Kirkwall, Orkney Islands, 13th June 2008
Northern light. Scottish light. Incredibly radiant, entrancing, it changes from minute to minute with the weather, as the latter changes from sun to rain, to heavier rain and back briefly to sun again. Up here it lingers long after London is in darkness. And it is light again before 400am.
It is also far colder, despite the longer hours of daylight. It drops as low as 47 degrees when London is in the sixties. And the wind is grim, especially on the Northern coast, which is where the Pentland Firth divides the British mainland from the Orkney Isles. For many miles you do not see a tree anywhere in the open countryside. The only places you see them is in the shelter of buildings, such as in Kirkwall, the capital of the islands. In the open countryside, there is no vegetation as high as a hedge which can survive against the force and coldness of the wind. Where trees survive it is up close to the isolated farm buildings - and they are no higher than the buildings.
On the most northerly point of the British mainland, I stood near the lighthouse which helps to protect shipping in the Pentland Firth. The wind beggared belief. And this was in the middle of June. What on earth is it like in December and January? Well, the lighthouse windows are well over 300 feet above the waves. And at times they have been shattered by stones thrown up by the sea. Near the lighthouse there are a few very solid and square concrete buildings, long abandoned. They are apparently intact, but are adorned with colourful signs: CAUTION DANGEROUS BUILDING DO NOT ENTER. They are a reminder of the wartime garrison which protected this bleak but essential section of the coastline; the British Fleet sheltered in the huge natural harbour of Scapa Flow inside the ring of the Orkney Islands. Fifty yards from the lighthouse there was a large house with a car in the drive. Who on earth chooses to live there? The lighthouse itself has been automated since 1989, so there is no need for the traditional lighthouse keeper.

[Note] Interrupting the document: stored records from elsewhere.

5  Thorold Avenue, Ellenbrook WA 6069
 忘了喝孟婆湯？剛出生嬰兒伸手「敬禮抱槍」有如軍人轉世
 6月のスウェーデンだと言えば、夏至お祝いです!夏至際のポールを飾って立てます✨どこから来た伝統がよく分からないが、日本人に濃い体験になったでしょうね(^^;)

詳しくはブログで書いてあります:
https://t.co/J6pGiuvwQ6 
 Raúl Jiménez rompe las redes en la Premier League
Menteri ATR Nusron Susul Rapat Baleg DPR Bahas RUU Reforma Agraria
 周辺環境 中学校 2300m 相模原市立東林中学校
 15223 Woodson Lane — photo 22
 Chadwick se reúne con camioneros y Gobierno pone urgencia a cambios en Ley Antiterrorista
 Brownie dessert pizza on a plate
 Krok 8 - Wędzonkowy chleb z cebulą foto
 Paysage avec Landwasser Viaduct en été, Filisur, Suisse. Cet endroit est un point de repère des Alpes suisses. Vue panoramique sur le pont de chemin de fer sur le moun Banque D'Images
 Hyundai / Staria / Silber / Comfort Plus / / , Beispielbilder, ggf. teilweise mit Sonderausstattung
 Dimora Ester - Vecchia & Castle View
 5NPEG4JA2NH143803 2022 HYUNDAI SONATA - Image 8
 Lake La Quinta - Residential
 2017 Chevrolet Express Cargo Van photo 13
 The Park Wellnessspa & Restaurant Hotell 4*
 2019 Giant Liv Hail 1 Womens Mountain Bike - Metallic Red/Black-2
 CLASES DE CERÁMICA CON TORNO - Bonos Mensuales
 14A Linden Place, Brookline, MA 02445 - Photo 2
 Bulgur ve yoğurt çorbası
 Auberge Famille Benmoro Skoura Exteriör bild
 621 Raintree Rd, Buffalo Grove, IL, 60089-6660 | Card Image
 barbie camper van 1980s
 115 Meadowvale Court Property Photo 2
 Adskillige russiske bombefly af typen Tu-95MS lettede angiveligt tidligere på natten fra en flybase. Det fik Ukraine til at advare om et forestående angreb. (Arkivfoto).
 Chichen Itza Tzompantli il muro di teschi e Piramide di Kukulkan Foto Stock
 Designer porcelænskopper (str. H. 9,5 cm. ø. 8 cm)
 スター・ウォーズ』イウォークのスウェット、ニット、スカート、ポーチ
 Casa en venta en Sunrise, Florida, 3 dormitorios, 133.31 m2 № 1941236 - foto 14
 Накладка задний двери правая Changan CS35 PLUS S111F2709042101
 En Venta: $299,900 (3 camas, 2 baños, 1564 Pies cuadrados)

But even isolated corners of Scotland are saturated with old and new history. There are ancient stone structures dating back thousands of years before Christ. In the centre of Kirkwall you have the huge red sandstone
Cathedral of St Magnus, out of all proportion to the town around it. It dates from 1137 and would be an adornment to any great city in the world. Inside St Magnus there is a reminder of the night in October 1939 when a German U-boat slipped into the supposedly impregnable Scapa Flow in one of the most courageous actions of the war. It torpeodoed and sunk the old battleship "Royal Oak" with the loss of over 800 sailors. It then slipped out again and returned to a heroes' welcome in Germany.
On one side of St Magnus there is a ship's bell and a memorial book with the long list of the dead.
After that debacle, strenuous efforts were made to seal every possible gap in the defenses. Huge causeways were built to link the islands and close straits which had been open for millenia. Among the workers brought in to built these massive structures were over a thousand Italian prisoners of war. These young men were far from home and in a utterly alien climate. But as a reminder of home they built a chapel inside two prefabricated Nissen huts.
This little piece of Italy survives to this day. I drove acroos the causeways they had built and stopped to view this extraordinary and beautiful little building with the Italian tricolour flapping noisy outside in the Orkney wind. All that remains of the prisoner of war camp around the chapel is some abandoned concrete foundations for the other Nissen huts which have long since disappeared. A flock of sheep wandered among these fragments of a large Italian settlement.